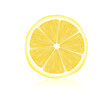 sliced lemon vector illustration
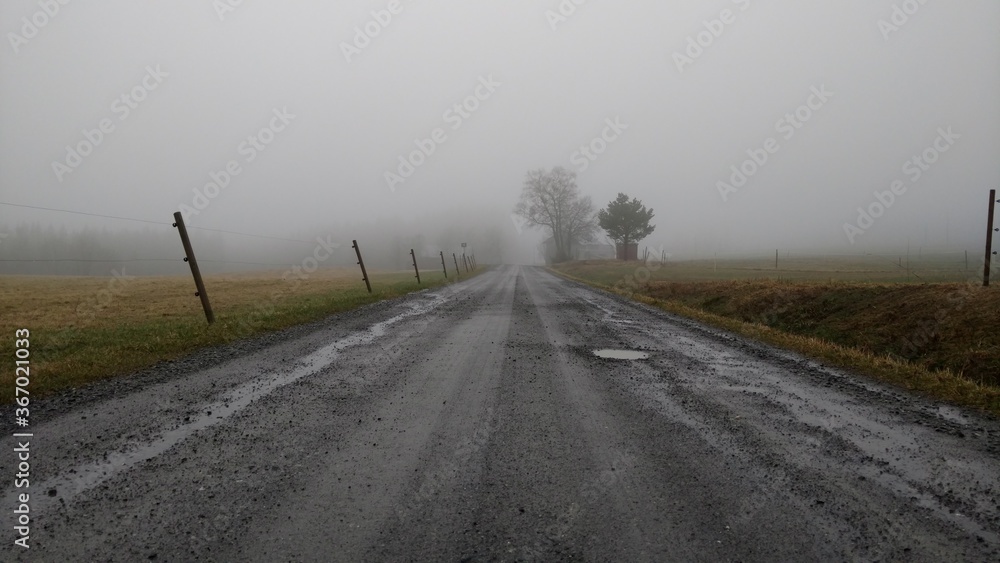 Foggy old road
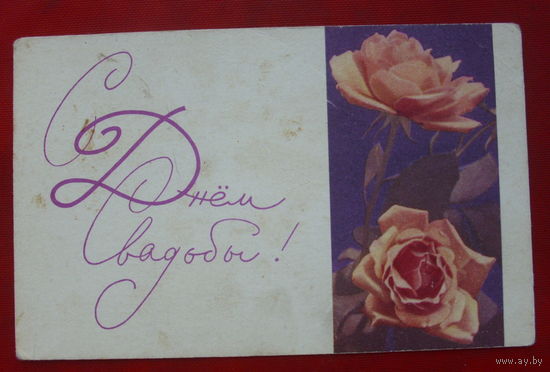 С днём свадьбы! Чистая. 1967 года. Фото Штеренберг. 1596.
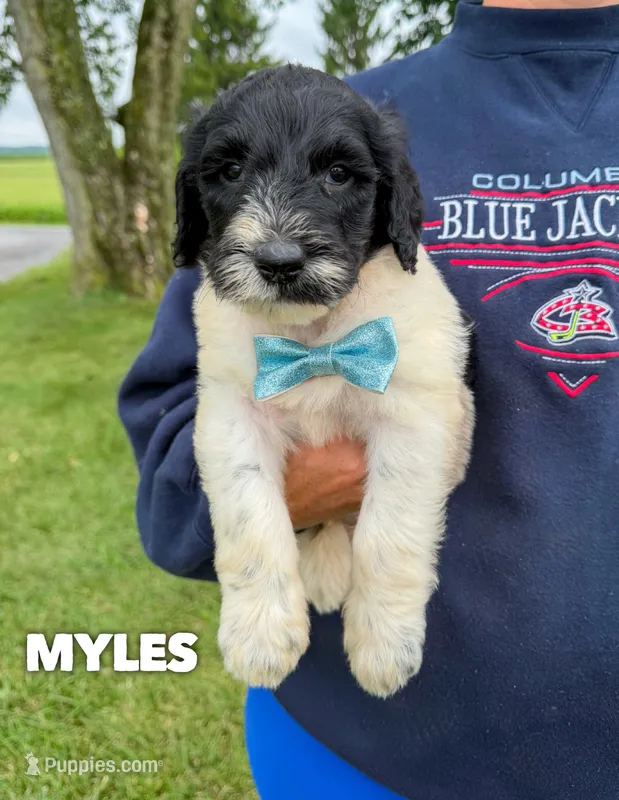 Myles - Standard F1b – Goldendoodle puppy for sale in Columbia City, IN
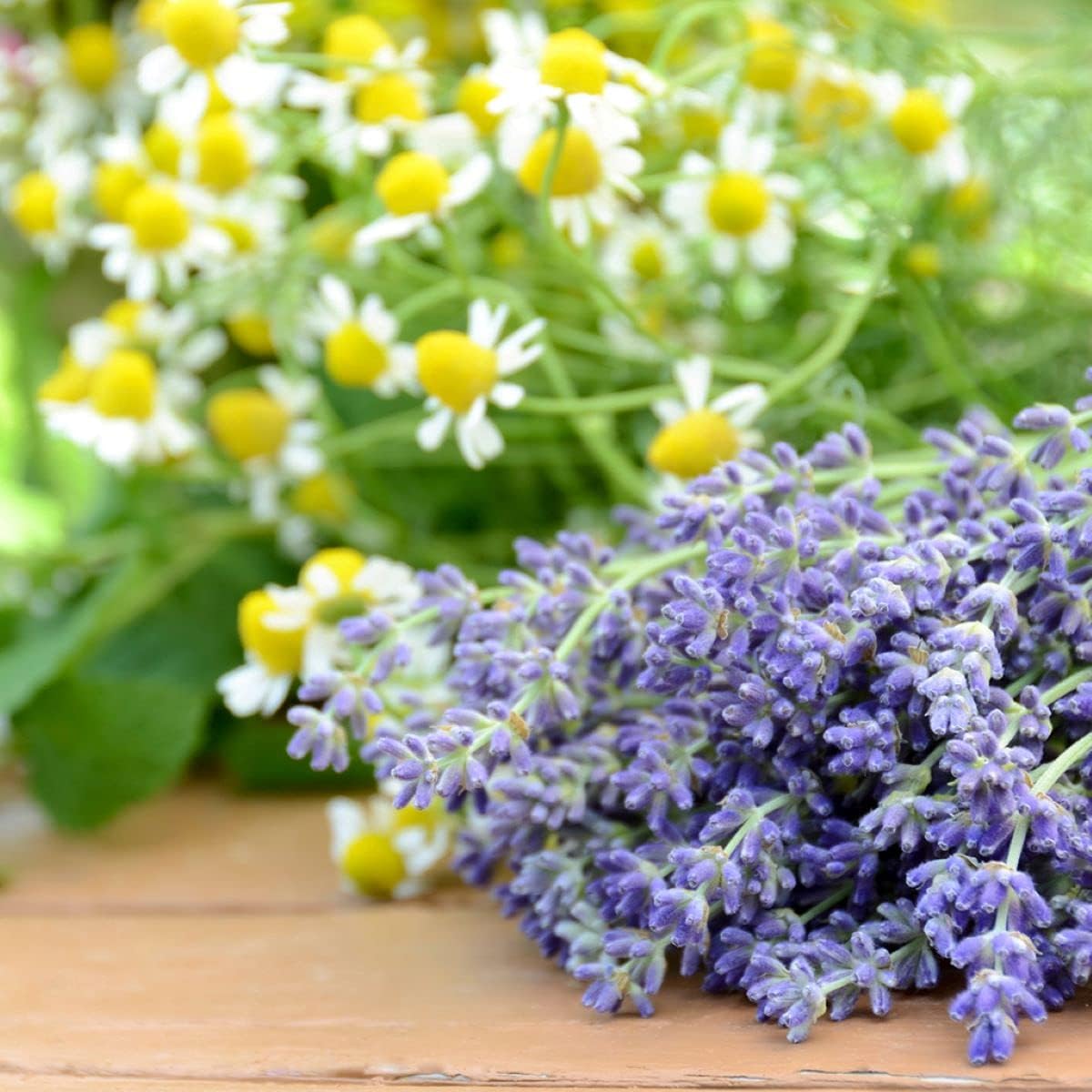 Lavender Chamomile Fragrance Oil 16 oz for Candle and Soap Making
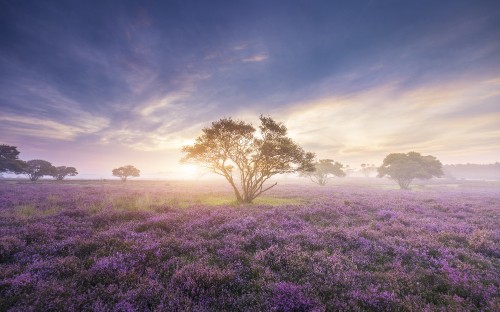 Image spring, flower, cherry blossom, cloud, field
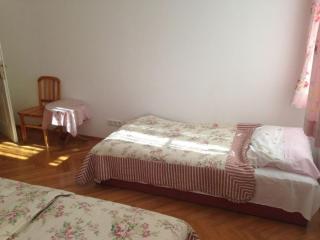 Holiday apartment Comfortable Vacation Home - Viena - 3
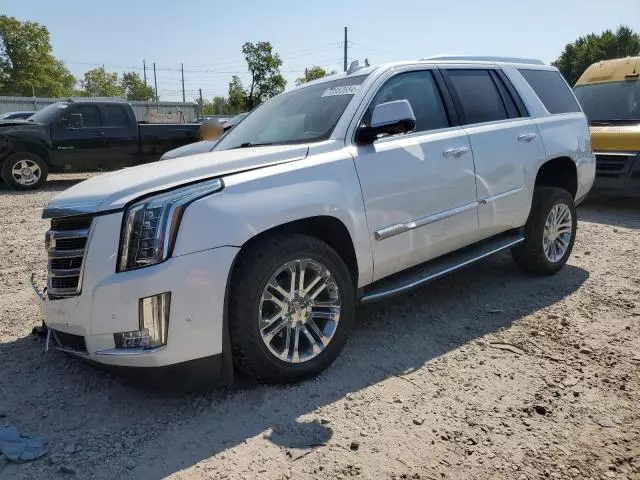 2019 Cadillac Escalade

──────

Work instruction.
Transcribe the whole listing exactly but exclude images.

Expected answer.
 sliced lemon vector illustration
 Foggy old road
 С днём свадьбы! Чистая. 1967 года. Фото Штеренберг. 1596.
 Myles - Standard F1b – Goldendoodle puppy for sale in Columbia City, IN
 Lavender Chamomile Fragrance Oil 16 oz for Candle and Soap Making
 Image spring, flower, cherry blossom, cloud, field
 Holiday apartment Comfortable Vacation Home - Viena - 3
 2019 Cadillac Escalade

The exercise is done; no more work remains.